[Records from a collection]
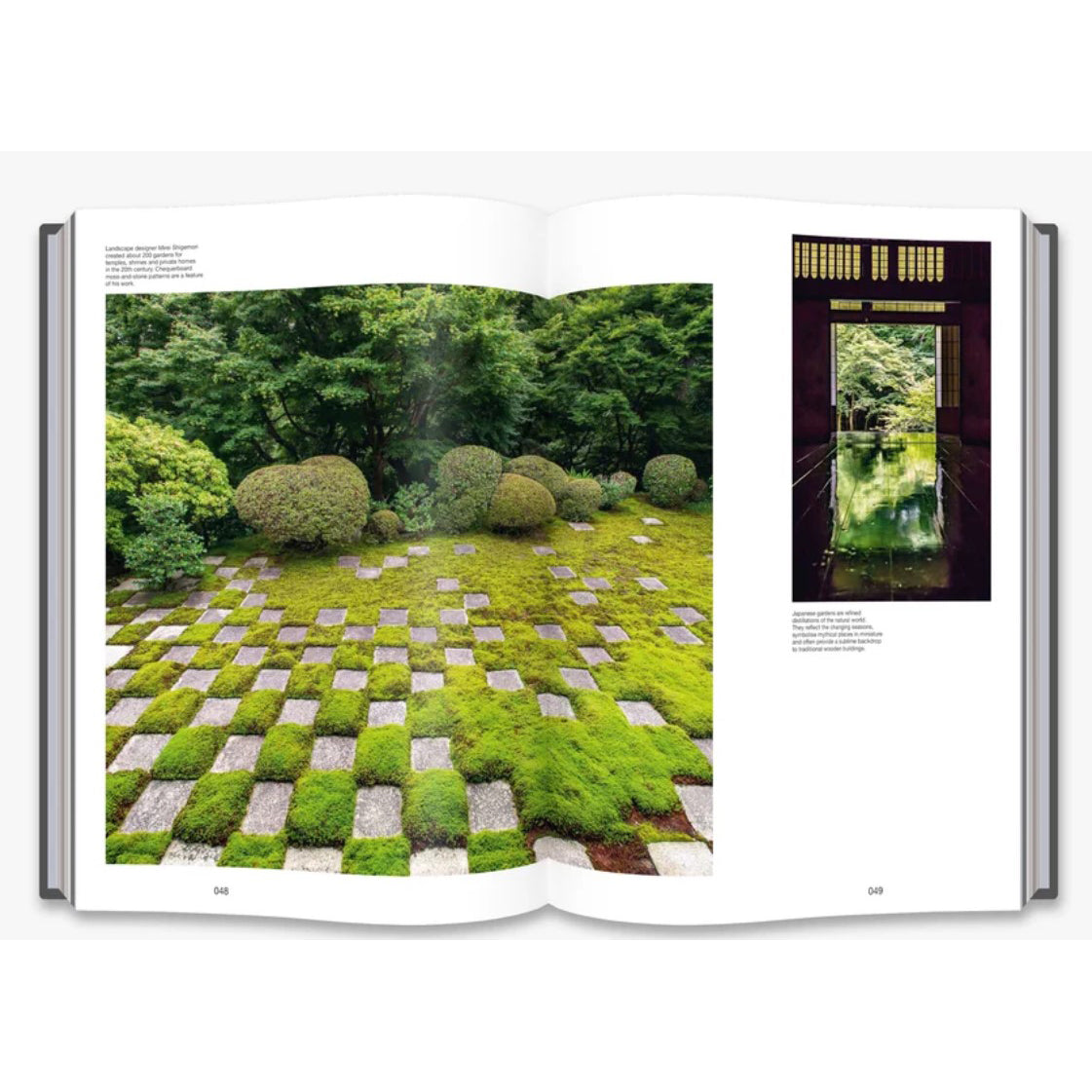The Monocle Book of Japan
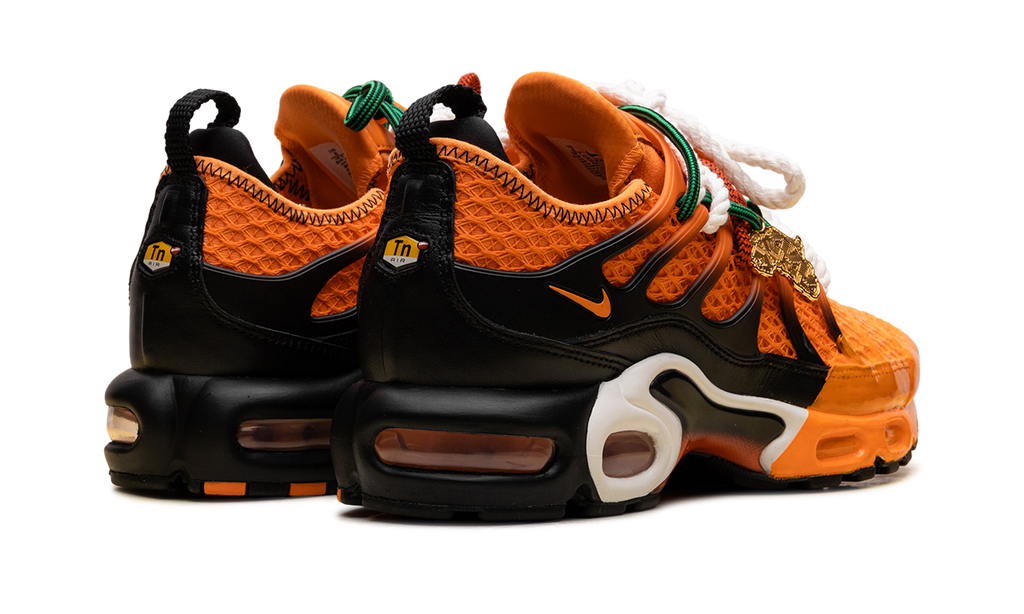 Air Max Plus "Homecoming Safety Orange" IM4960 800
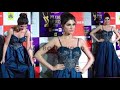 Elnaaz Norouzi H0T Look At Zee Cine Awards 2019 Red Carpet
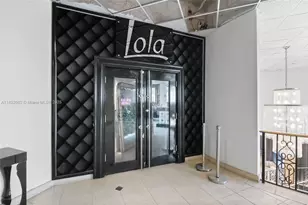 [Address not provided], Miami Beach, FL 33140 - Photo 35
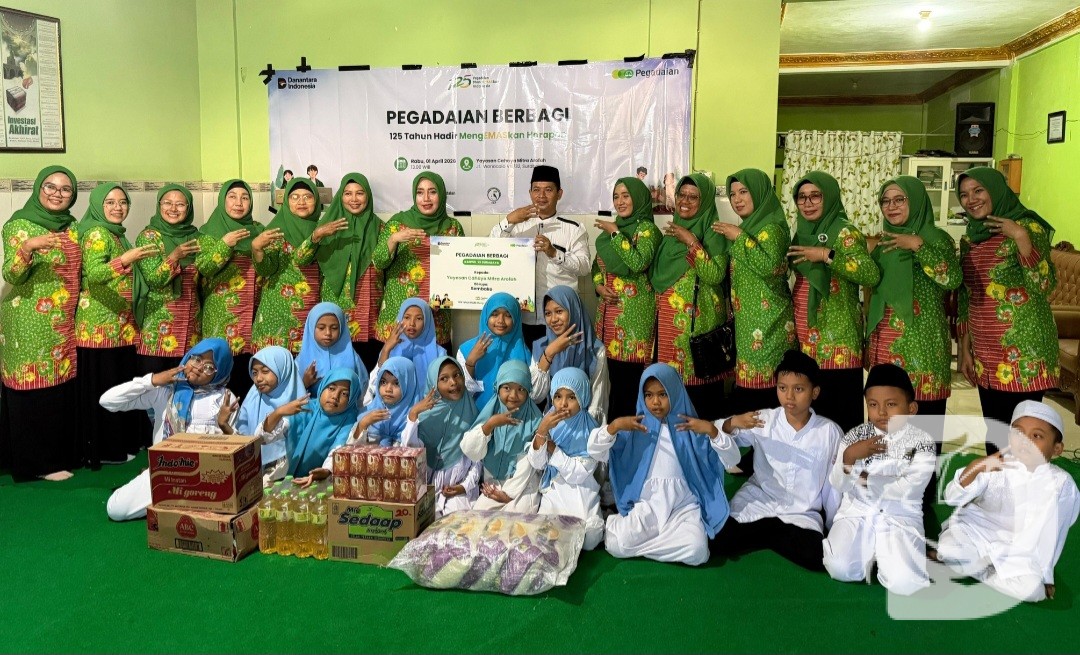 DetikNews content image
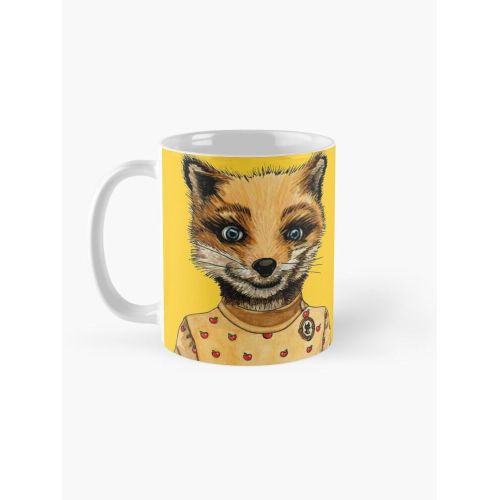 product_image_name-Generic-M. et Mme Fox Mug classique-2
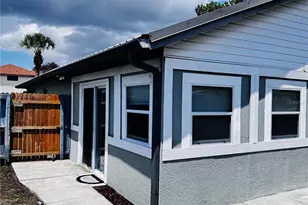 206 Hollywood Ct N, Kissimmee, FL 34743 - Photo 34
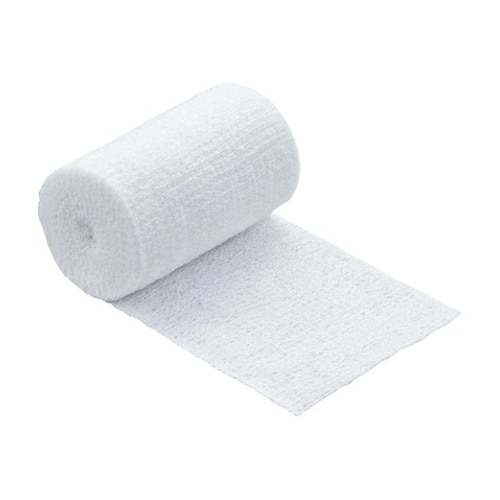 022−280700−00フィットタイ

Aim of the exercise - Print, please, exactly the lines from the one holding "[Address not provided], Miami" through the final line of the data, both included, while leaving out each picture.

Solution for this exercise -
 [Address not provided], Miami Beach, FL 33140 - Photo 35
 DetikNews content image
 product_image_name-Generic-M. et Mme Fox Mug classique-2
 206 Hollywood Ct N, Kissimmee, FL 34743 - Photo 34
 022−280700−00フィットタイ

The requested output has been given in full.